Given data Block Start
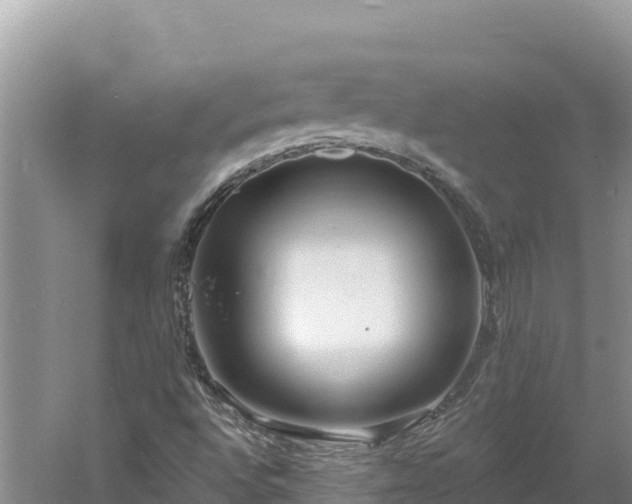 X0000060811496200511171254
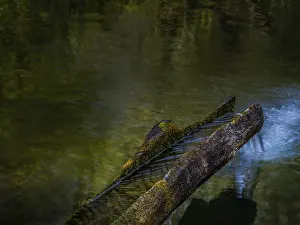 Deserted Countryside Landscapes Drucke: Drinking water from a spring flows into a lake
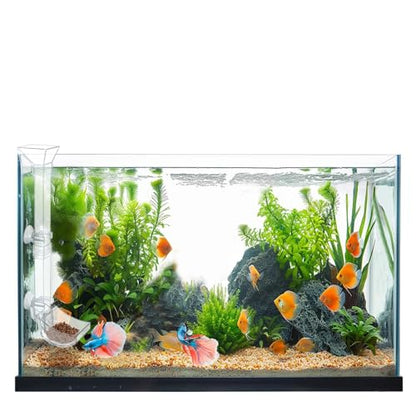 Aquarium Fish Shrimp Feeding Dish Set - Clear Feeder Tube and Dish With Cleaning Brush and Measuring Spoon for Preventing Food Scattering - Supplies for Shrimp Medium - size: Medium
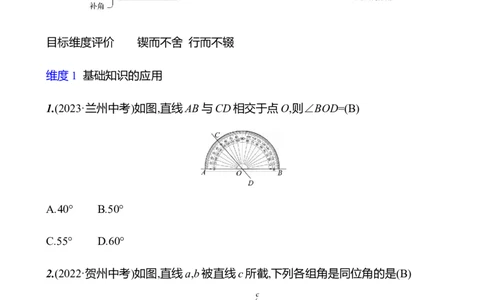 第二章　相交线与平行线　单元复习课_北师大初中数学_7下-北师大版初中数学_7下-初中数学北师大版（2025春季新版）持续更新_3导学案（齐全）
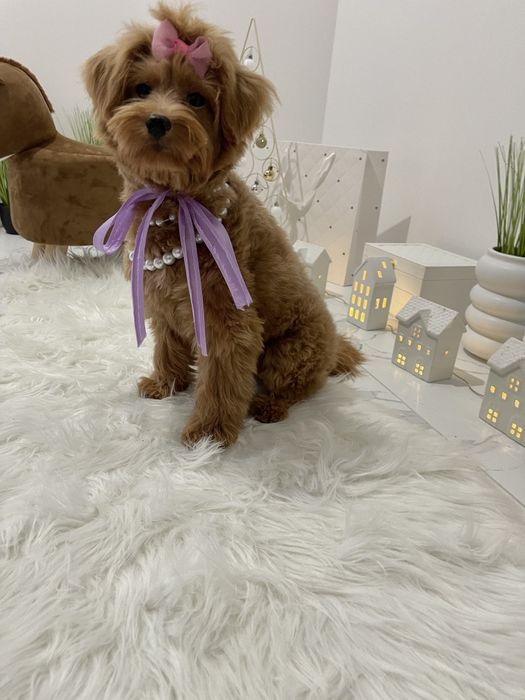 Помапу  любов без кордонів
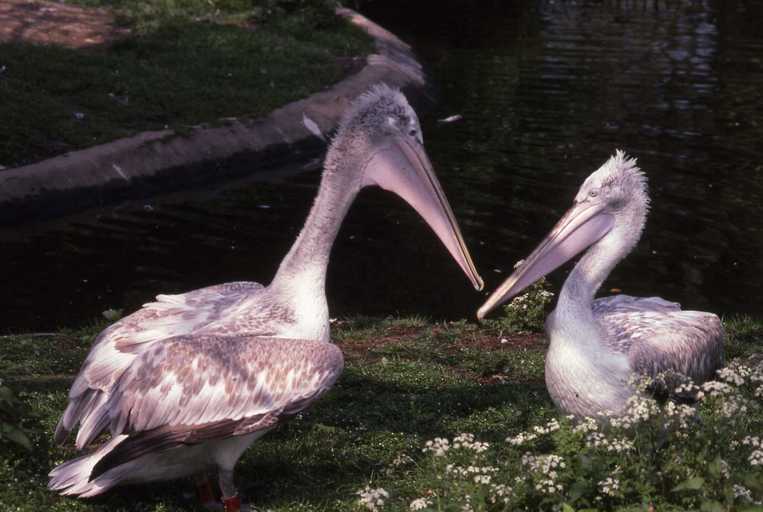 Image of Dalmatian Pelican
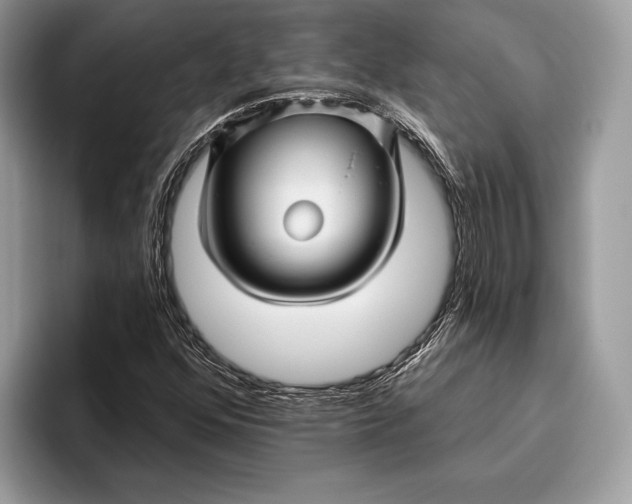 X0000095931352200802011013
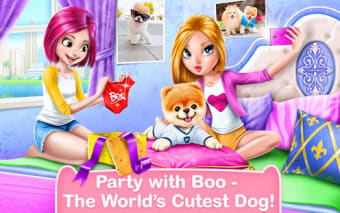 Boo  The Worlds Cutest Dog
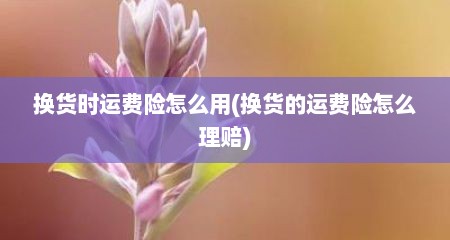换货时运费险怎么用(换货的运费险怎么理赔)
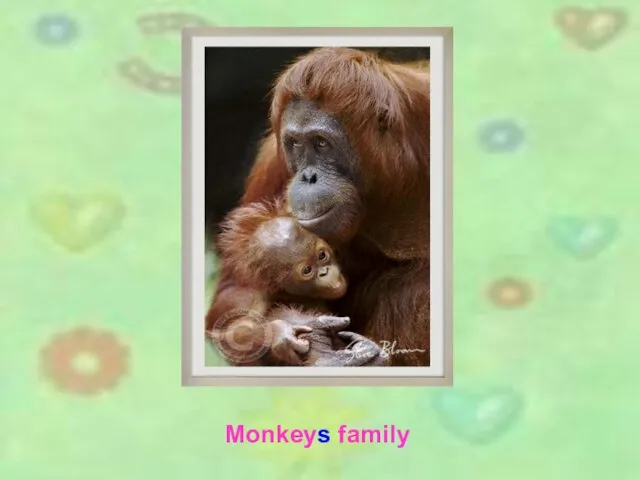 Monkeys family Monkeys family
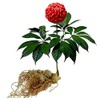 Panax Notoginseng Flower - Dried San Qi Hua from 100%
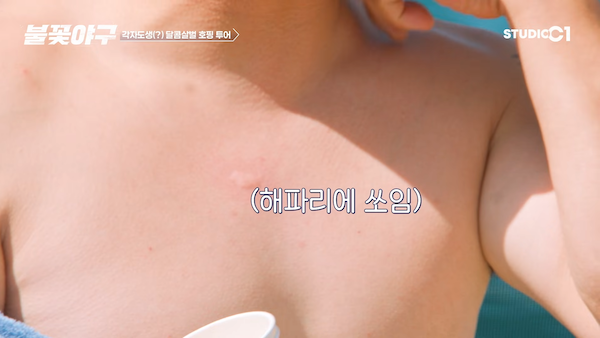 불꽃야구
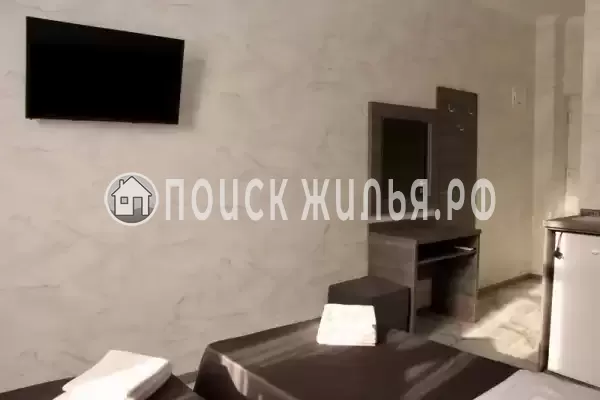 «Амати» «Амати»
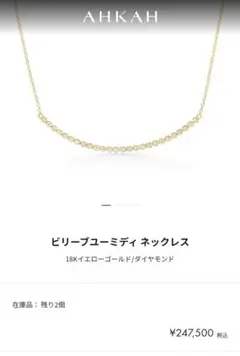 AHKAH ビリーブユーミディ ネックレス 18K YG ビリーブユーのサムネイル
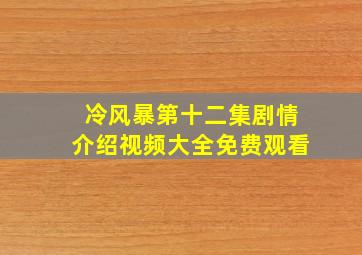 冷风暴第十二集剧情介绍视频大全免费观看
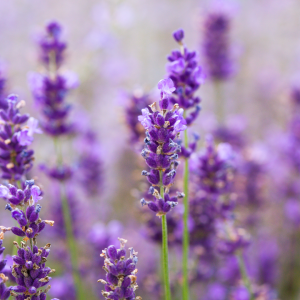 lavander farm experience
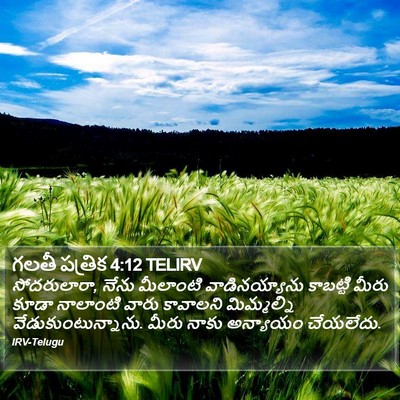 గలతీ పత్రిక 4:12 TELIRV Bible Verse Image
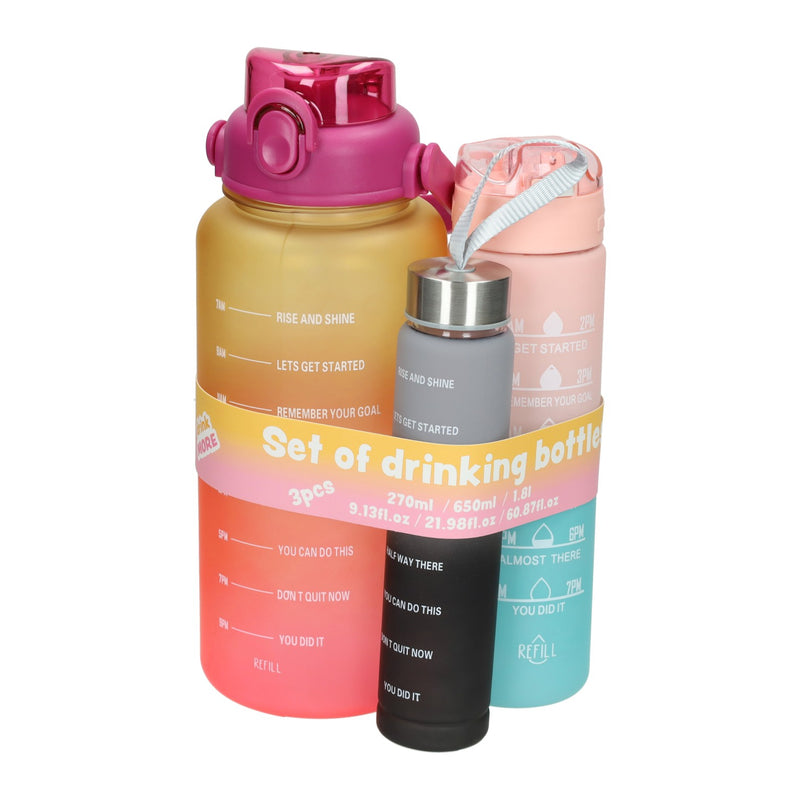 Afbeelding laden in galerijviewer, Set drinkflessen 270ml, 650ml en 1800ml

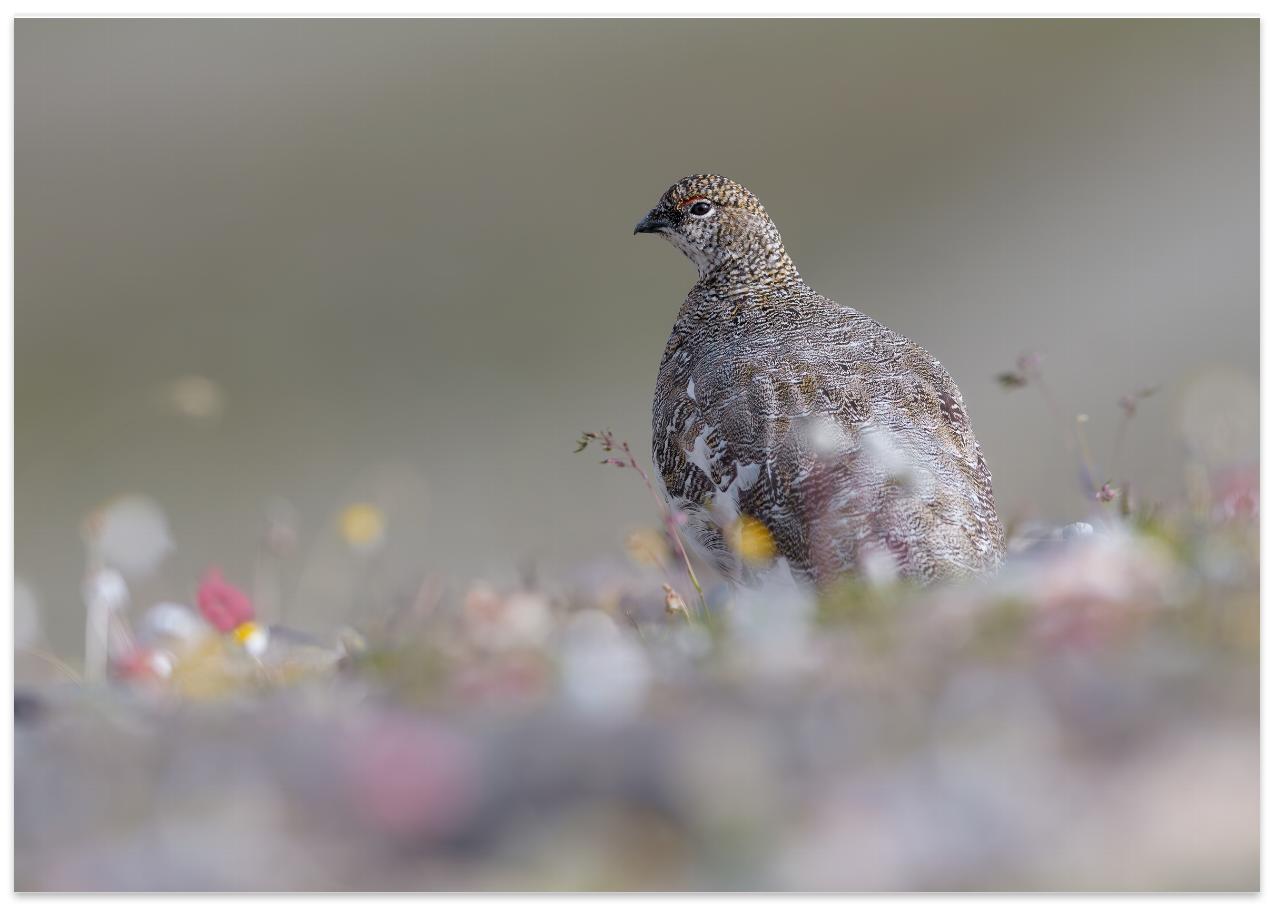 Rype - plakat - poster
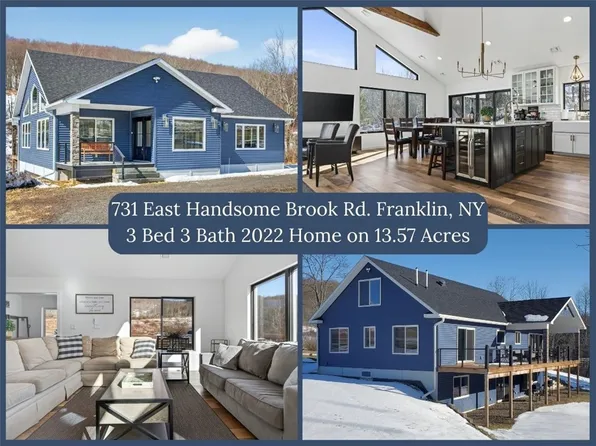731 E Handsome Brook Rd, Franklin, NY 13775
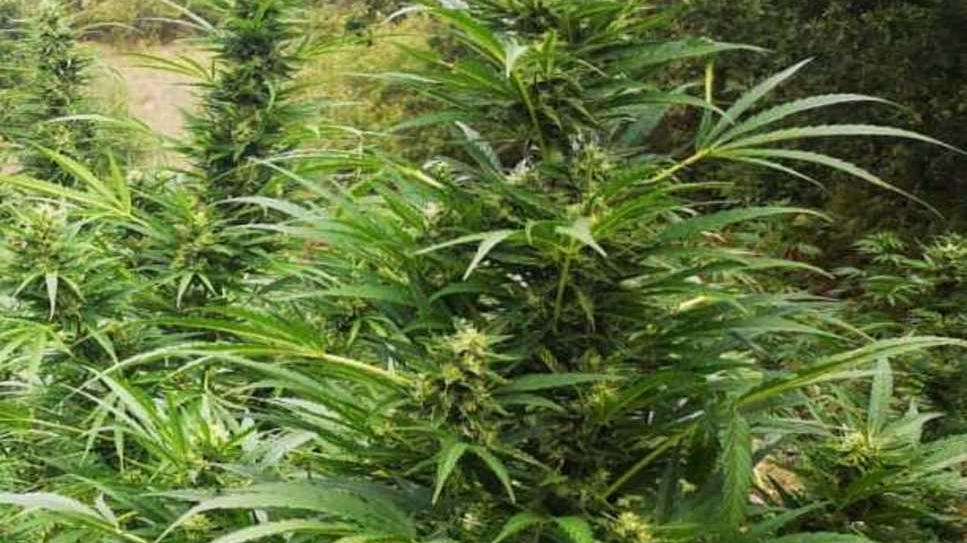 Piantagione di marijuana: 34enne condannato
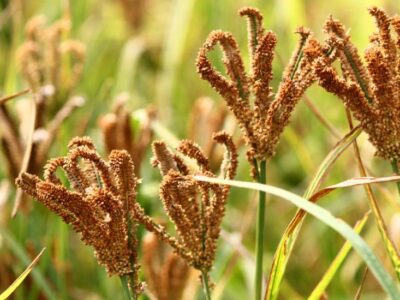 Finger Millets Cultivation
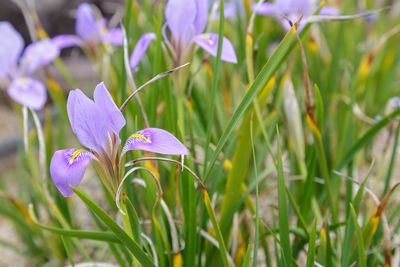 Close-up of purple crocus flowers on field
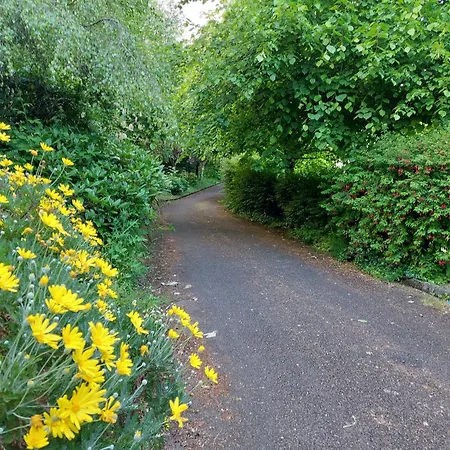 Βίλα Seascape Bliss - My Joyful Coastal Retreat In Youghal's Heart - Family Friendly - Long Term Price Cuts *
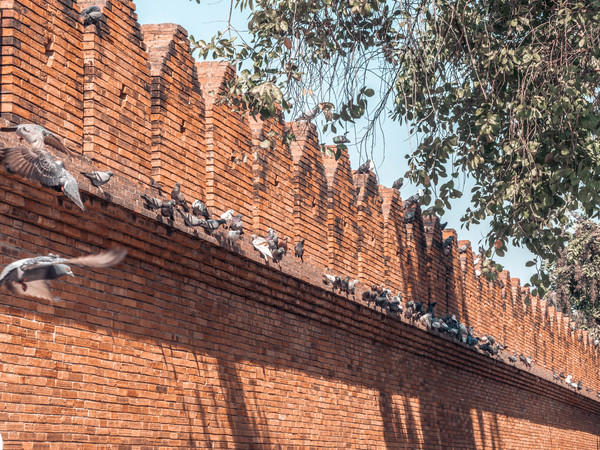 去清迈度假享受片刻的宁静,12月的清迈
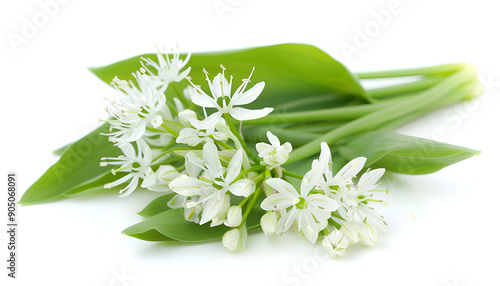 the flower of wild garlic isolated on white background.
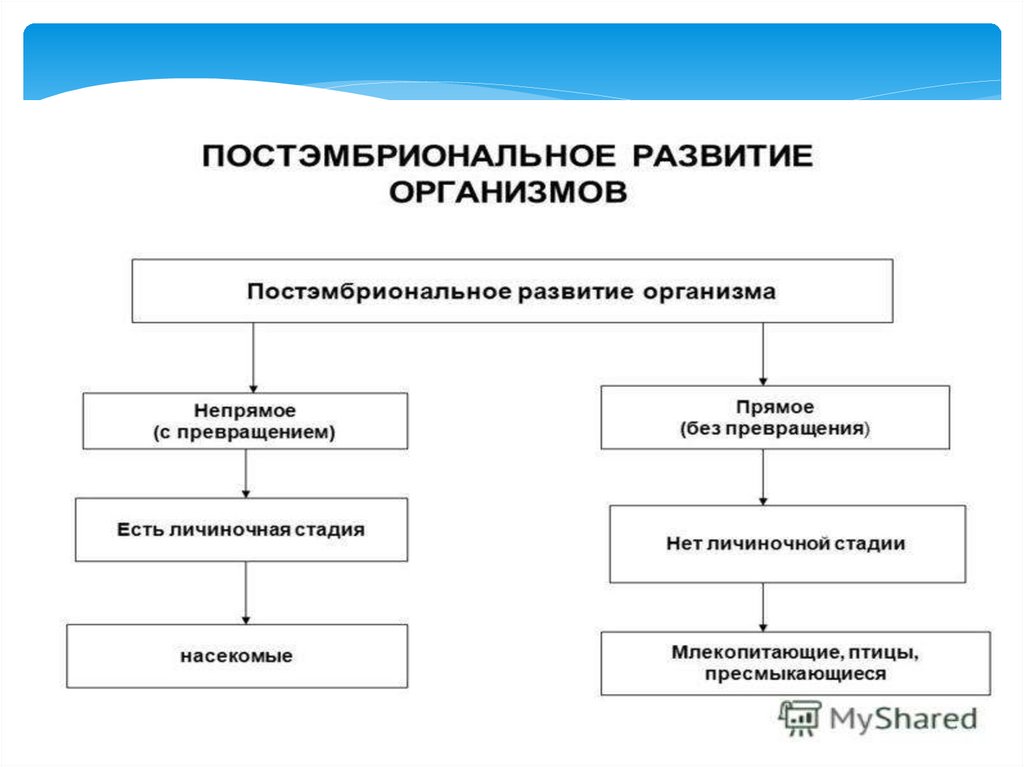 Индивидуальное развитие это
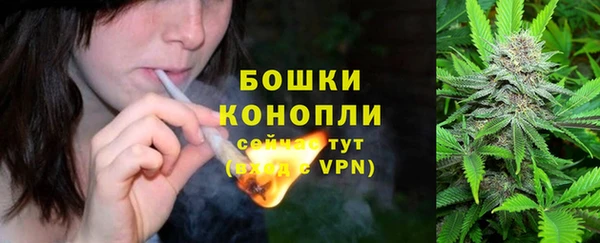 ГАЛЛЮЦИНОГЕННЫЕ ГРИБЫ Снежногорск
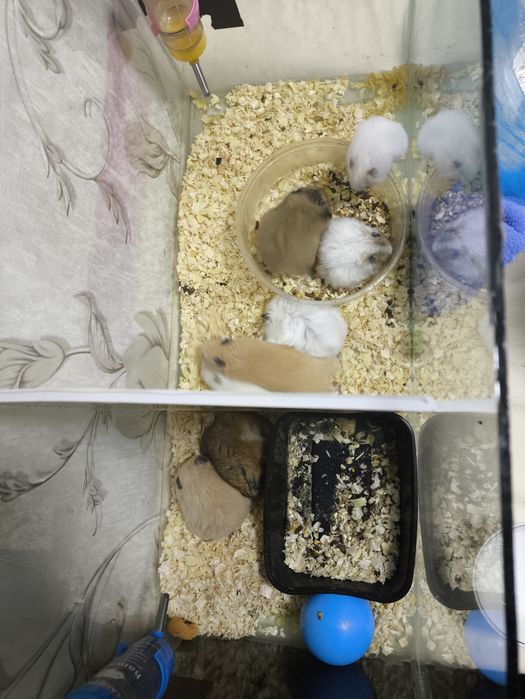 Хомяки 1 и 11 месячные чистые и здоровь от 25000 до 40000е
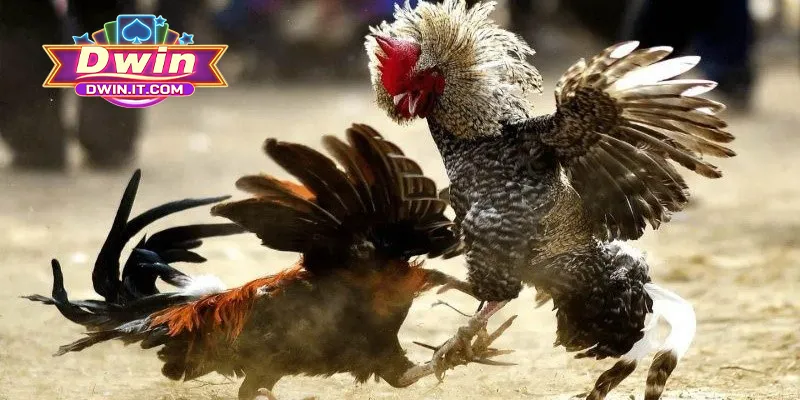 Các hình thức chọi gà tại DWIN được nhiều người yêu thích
Given data Block End
Instructions to follow:
Where a picture appears in the records above, omit it, and transcribe exactly the stretch of lines from the one with "Aquarium Fish Shrimp" through the one with "Close-up of purple crocus flowers on field".

Result:
 Aquarium Fish Shrimp Feeding Dish Set - Clear Feeder Tube and Dish With Cleaning Brush and Measuring Spoon for Preventing Food Scattering - Supplies for Shrimp Medium - size: Medium
 第二章　相交线与平行线　单元复习课_北师大初中数学_7下-北师大版初中数学_7下-初中数学北师大版（2025春季新版）持续更新_3导学案（齐全）
 Помапу  любов без кордонів
 Image of Dalmatian Pelican
 X0000095931352200802011013
 Boo  The Worlds Cutest Dog
换货时运费险怎么用(换货的运费险怎么理赔)
 Monkeys family Monkeys family
 Panax Notoginseng Flower - Dried San Qi Hua from 100%
 불꽃야구
 «Амати» «Амати»
 AHKAH ビリーブユーミディ ネックレス 18K YG ビリーブユーのサムネイル
 冷风暴第十二集剧情介绍视频大全免费观看
 lavander farm experience
 గలతీ పత్రిక 4:12 TELIRV Bible Verse Image
 Afbeelding laden in galerijviewer, Set drinkflessen 270ml, 650ml en 1800ml

 Rype - plakat - poster
731 E Handsome Brook Rd, Franklin, NY 13775
 Piantagione di marijuana: 34enne condannato
 Finger Millets Cultivation
 Close-up of purple crocus flowers on field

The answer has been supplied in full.